Matthew Schroeder, chercheur à la Federation of American Scientists, note dans son livre The Small Arms Trade que, dans les années suivantes, des dizaines de Stingers ont fini dans les arsenaux d'insurgés, de terroristes et de gouvernements hostiles aux Etats-Unis.

«L'Iran, le Qatar et probablement la Corée du Nord et la Chine ont acquis des Stingers afghans, comme l'ont fait les séparatistes tchétchènes, les fondamentalistes algériens, les rebelles kurdes en Turquie, et les Tigres du Sri Lanka, écrit-il. Les Talibans en ont reçu des dizaines de la part de commandants moudjahidines alliés, et les gardes-du-corps d'Oussama ben Laden y auraient également eu accès.»

Récupérer toutes ces armes s'avéra extrêmement difficile, voire impossible, pour les Américains.

«Les implications potentielles pour la lutte contre le terrorisme et la protection de l'aviation civile sont trop importantes pour se risquer à distribuer des systèmes modernes, avertit Matthew Schroeder, en faisant référence à la Syrie. Les risques potentiels sont énormes, et cela marquerait un précédent qui endommagerait les efforts qui ont été faits jusqu'à aujourd'hui pour juguler la prolifération de ce type d'armes.»

Le chercheur ajoute:

«Je ne vois pas comment il serait possible de contrôler ces armes. Même avec la meilleure des intentions, il sera très difficile de s'assurer d'une distribution et d'une utilisation appropriées.»

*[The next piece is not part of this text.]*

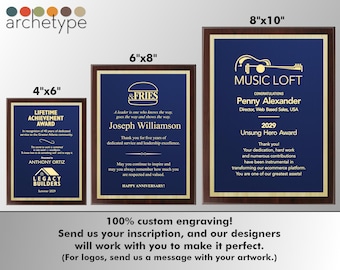 APEX/Blue | Plaque | Multiple Sizes | Custom Engraved Award | Recognition | Appreciation | Black | No Engraving Fee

«On en n'est pas encore à définir le type d'armes à fournir, explique de son côté Philippe Lalliot, porte-parole du Quai d'Orsay. Une décision unanime de levée de l'embargo sur les armes à la Syrie serait la meilleure solution, celle que nous souhaitons privilégier, et la question du type d'armes peut faire pencher la balance.» Pour les Affaires Etrangères françaises, «il y a un objectif concret et une demande légitime de la Coalition».

Cette demande «n'est pas récente et a été entendue, elle comprend des armes anti-aériennes et anti-chars». Mais, selon Lalliot, il faut que «la décision ait un effet politique. D'abord que cela montre qu'il y a une décision commune des partenaires européens, et ensuite qu'il y a un message politique porté à la Syrie, un message qui a un sens et un poids», note le porte-parole.

Les Européens se trouveront donc devant un choix important qu'auront aussi à faire les Français et les Britanniques s'ils prennent l'initiative d'agir seuls. S'ils décident de ne pas fournir de Manpads aux rebelles, l'opération paraîtra, au mieux, cosmétique, et le poids du message envoyé s'en trouvera réduit. Si, au contraire, des Manpads sont fournis, les gouvernements responsables devront en porter toutes les conséquences. Elles pourraient être lourdes à porter.